TM teachers are instructed within a yogic-advaita framework - one that
underpins their understanding about meditation and reality. Without exposure to
Shankara's teachings and the traditional Upanishad methodology, it will be hard
for any TM'er to entertain this original view.
Shankara says:
For there is the statement of the shruti : “The Brahman that is direct and
immediate” (BU 3.4.1) and there is the statement, tat tvam asi “you are That”
(CU6.8.7) which teaches [that Brahman] is already accomplished. This sentence
“you are That” cannot be interpreted to mean "you will become That" after you
are dead (i.e in heaven).
Comans explains:
Firstly, Shankara is committed to the understanding that the Self is
self-luminous, for it is by nature simple, sheer Awareness (BUbh 4.3.23).
Secondly, in accord with this view of the self-luminosity of the Self as
Awareness, Shankara has characterized the Self as “Experience Itself”

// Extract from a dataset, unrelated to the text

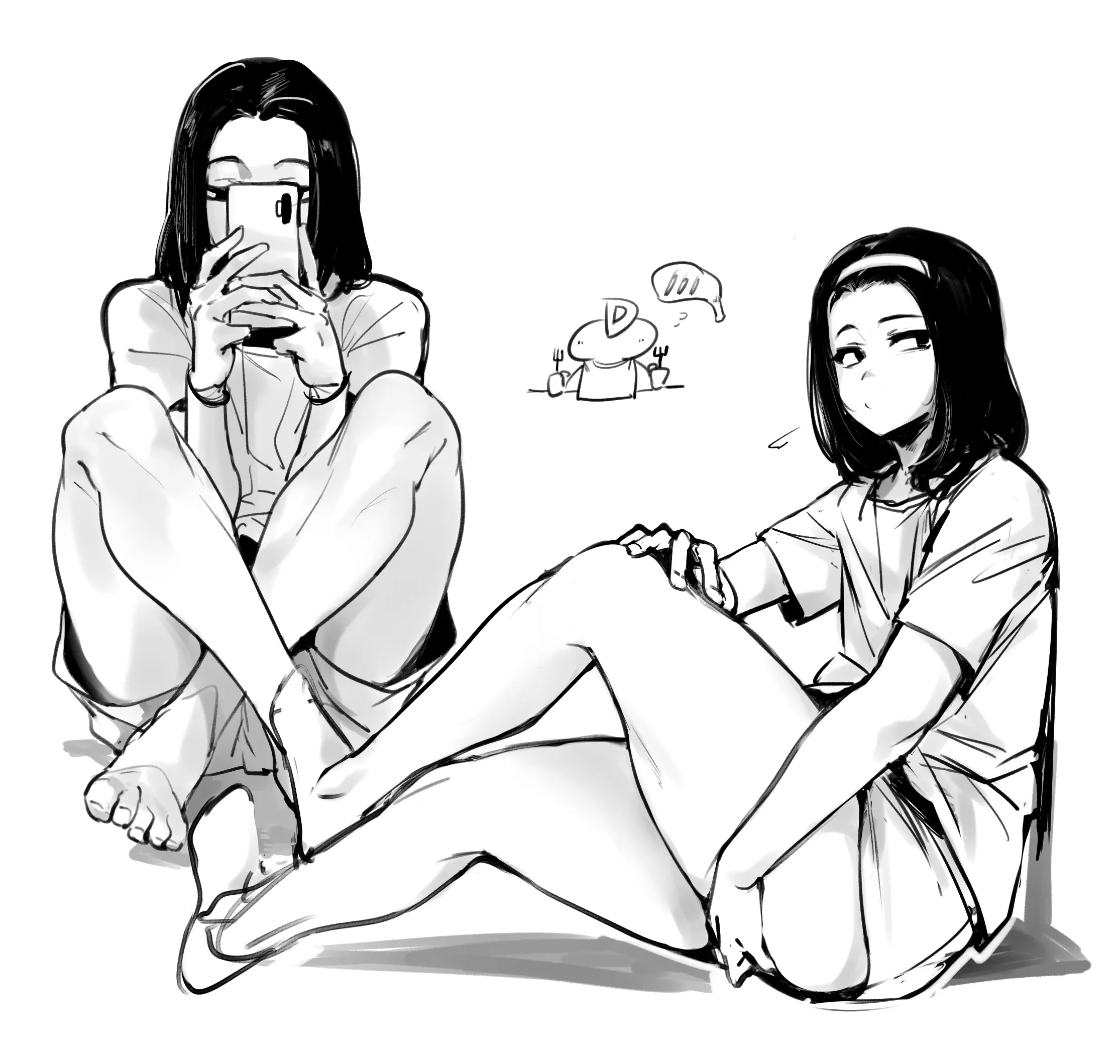 Doppel Part 3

(anubhavâtman). We should therefore expect that the experience about which
Shankara speaks is the “intuition”, “insight”, or even “recognition” of oneself
as sheer Awareness. It cannot be a new experience of producing something that
did not previously exist. Nor can it be an experience involving the
objectification of Awareness. It is rather the “experience” of oneself AS
Awareness, without limitations. For that is what one is, and so finds oneself
to be, when there is the apprehension of one’s own fundamental
Awareness-nature, together with the apprehension of the “seeming”, or the
apparent nature (mithyâtva) of all limiting adjuncts (upâdhis) - those that
pertain to the individual body-mind (tvam), as well as to the Lordship of
Brahman (tat).
TM teachers are not educated or trained to receive, apprehend or articulate
such a view about the immediacy of direct realization.